__MATERIAL FOR THIS TASK__
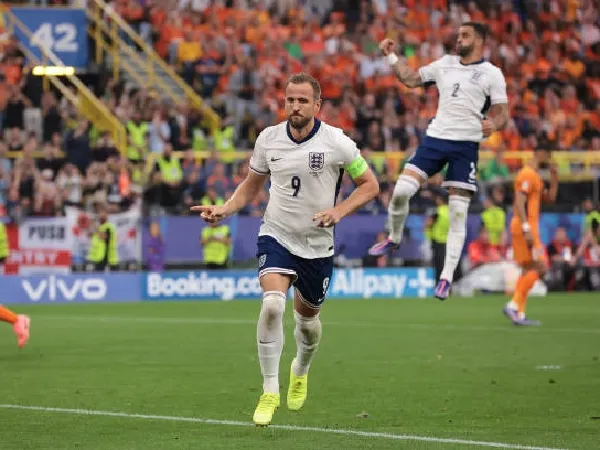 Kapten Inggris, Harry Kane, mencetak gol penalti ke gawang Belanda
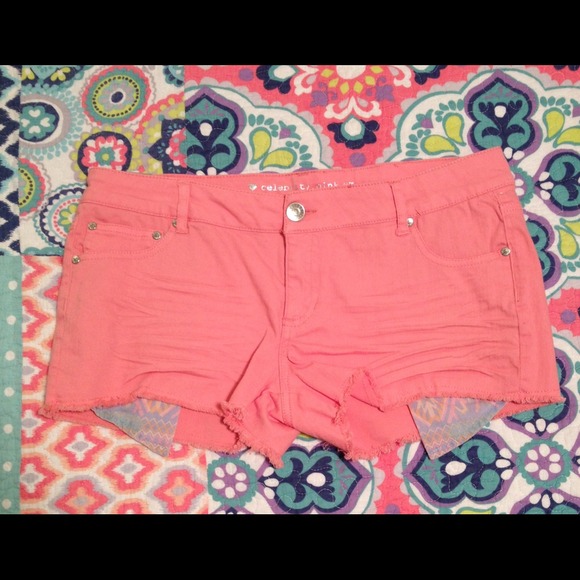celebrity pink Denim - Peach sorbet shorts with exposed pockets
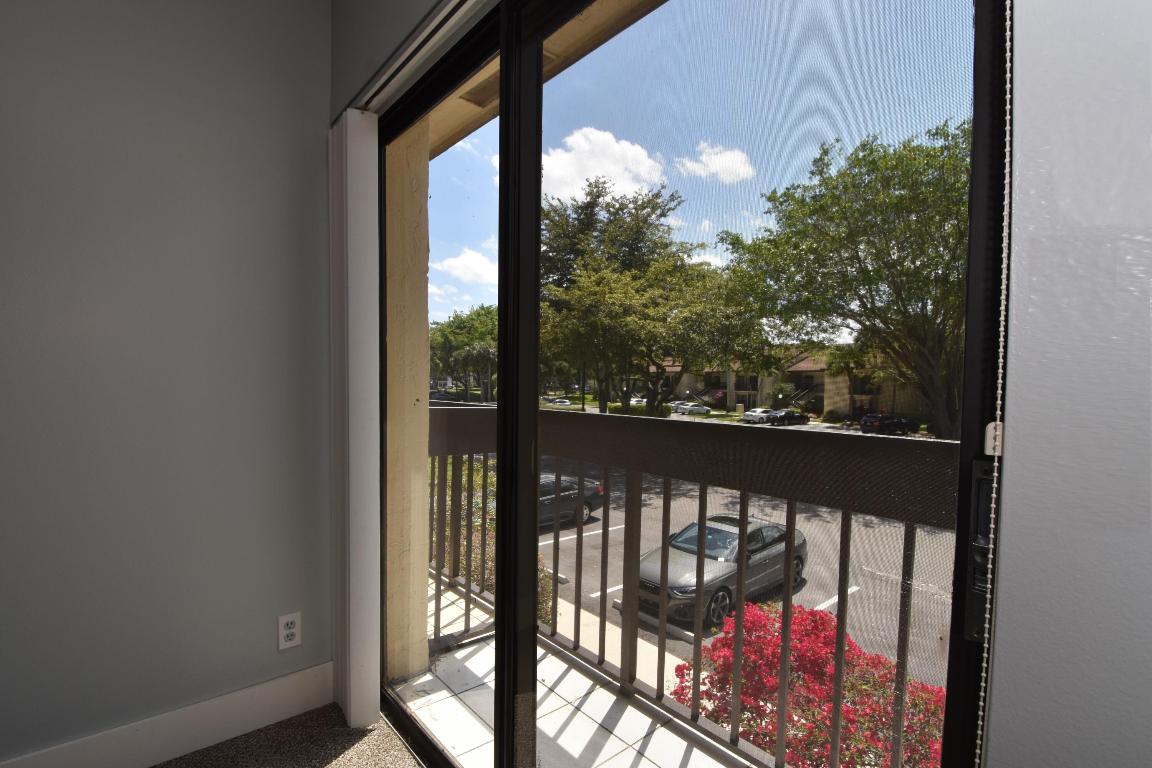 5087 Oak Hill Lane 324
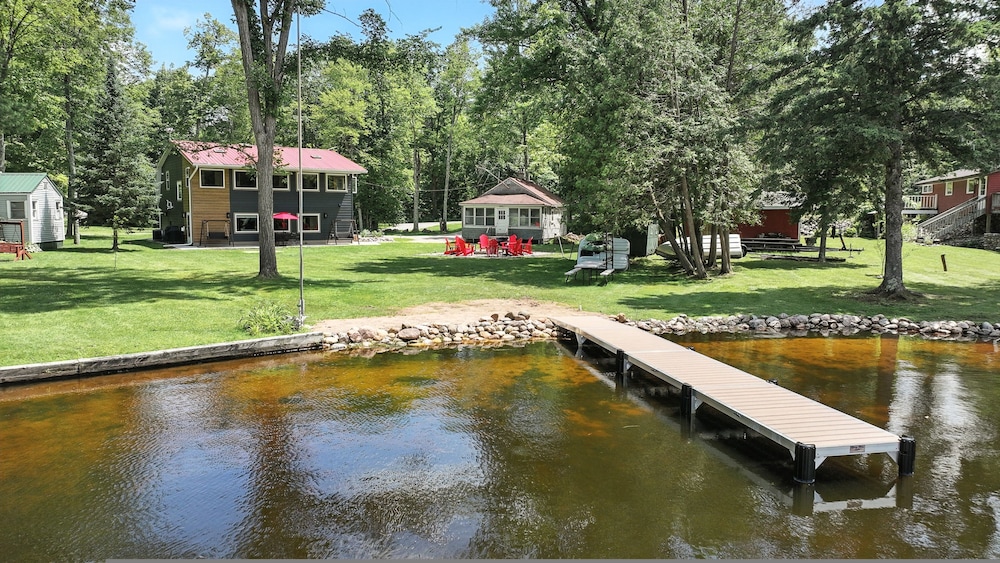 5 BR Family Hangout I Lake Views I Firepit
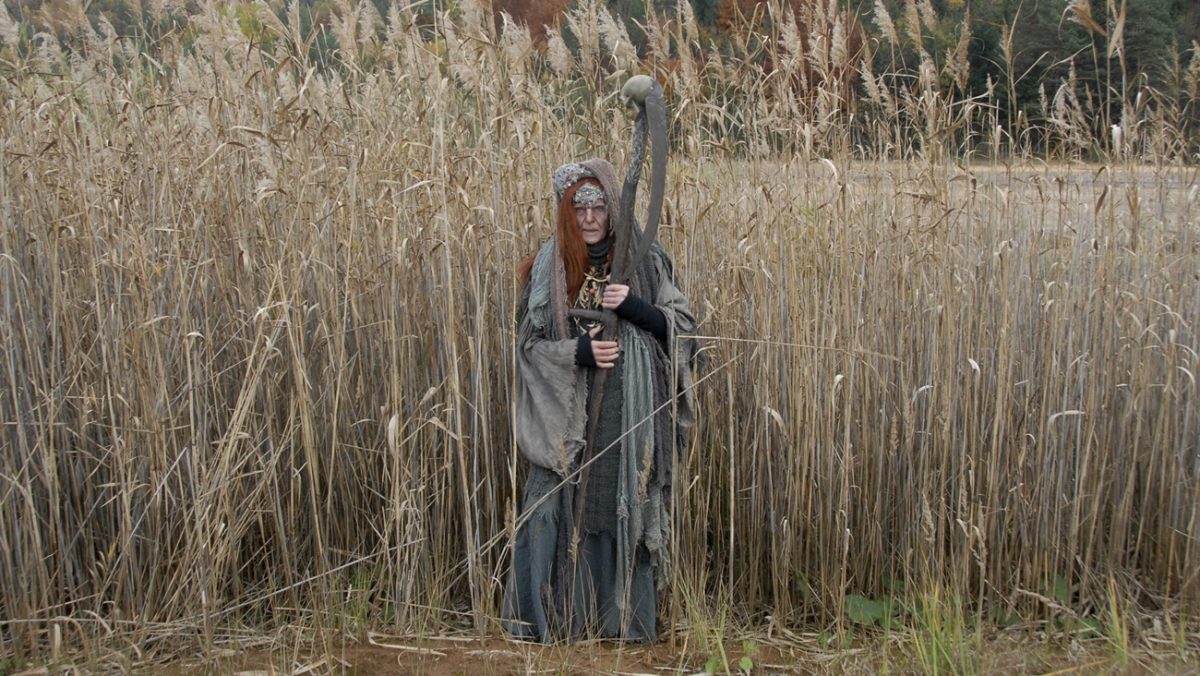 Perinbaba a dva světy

---

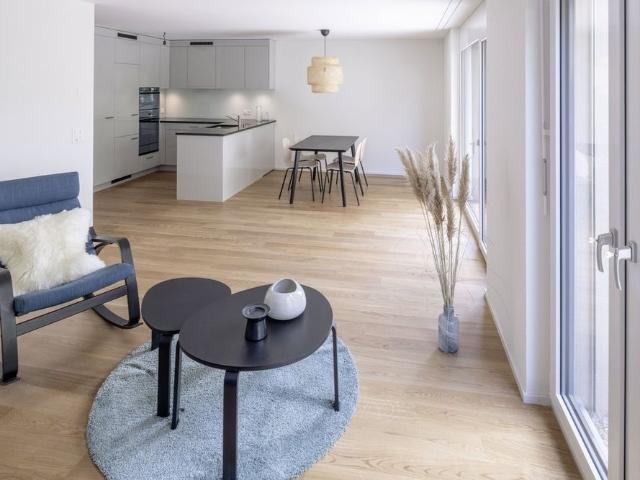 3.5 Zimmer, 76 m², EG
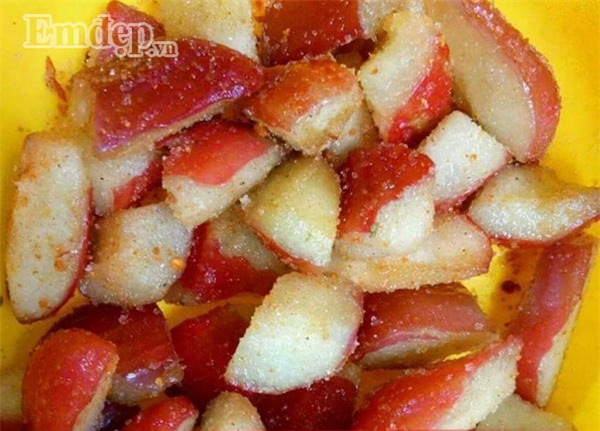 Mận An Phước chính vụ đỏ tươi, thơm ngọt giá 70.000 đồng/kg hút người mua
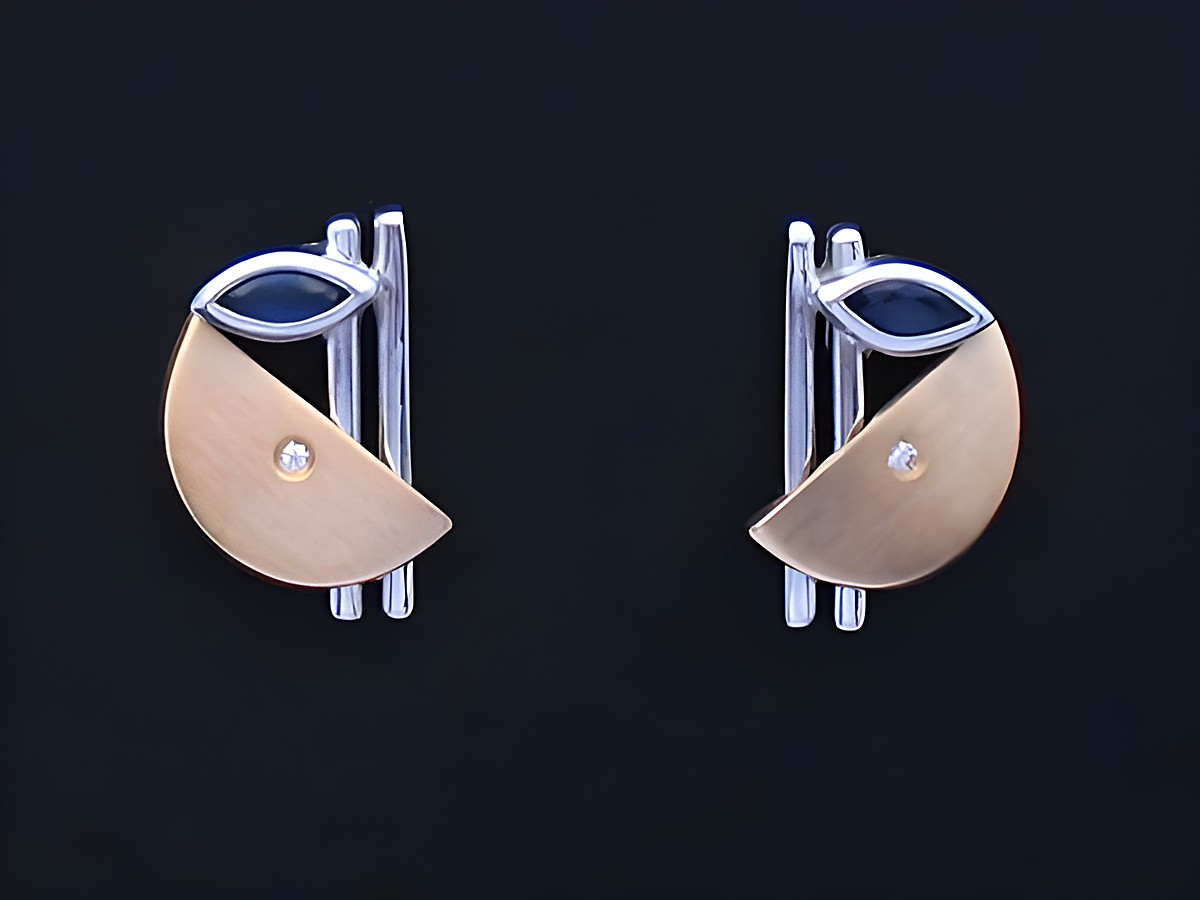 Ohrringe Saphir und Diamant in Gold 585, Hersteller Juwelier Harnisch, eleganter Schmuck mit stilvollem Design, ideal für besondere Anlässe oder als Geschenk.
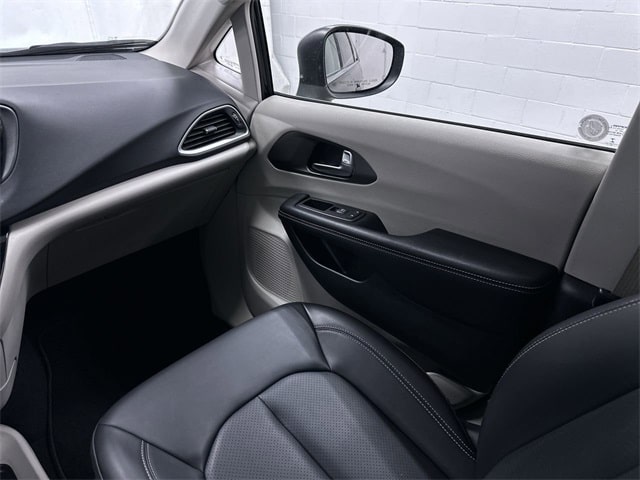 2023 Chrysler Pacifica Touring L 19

__INSTRUCTIONS FOR THE TASK__
Would you copy the lines above exactly, starting with the one that has "Kapten Inggris, Harry" and ending with the one that has "Perinbaba a dva světy", both included, without the pictures?

__SOLUTION TO THIS PROBLEM__
 Kapten Inggris, Harry Kane, mencetak gol penalti ke gawang Belanda
celebrity pink Denim - Peach sorbet shorts with exposed pockets
 5087 Oak Hill Lane 324
 5 BR Family Hangout I Lake Views I Firepit
 Perinbaba a dva světy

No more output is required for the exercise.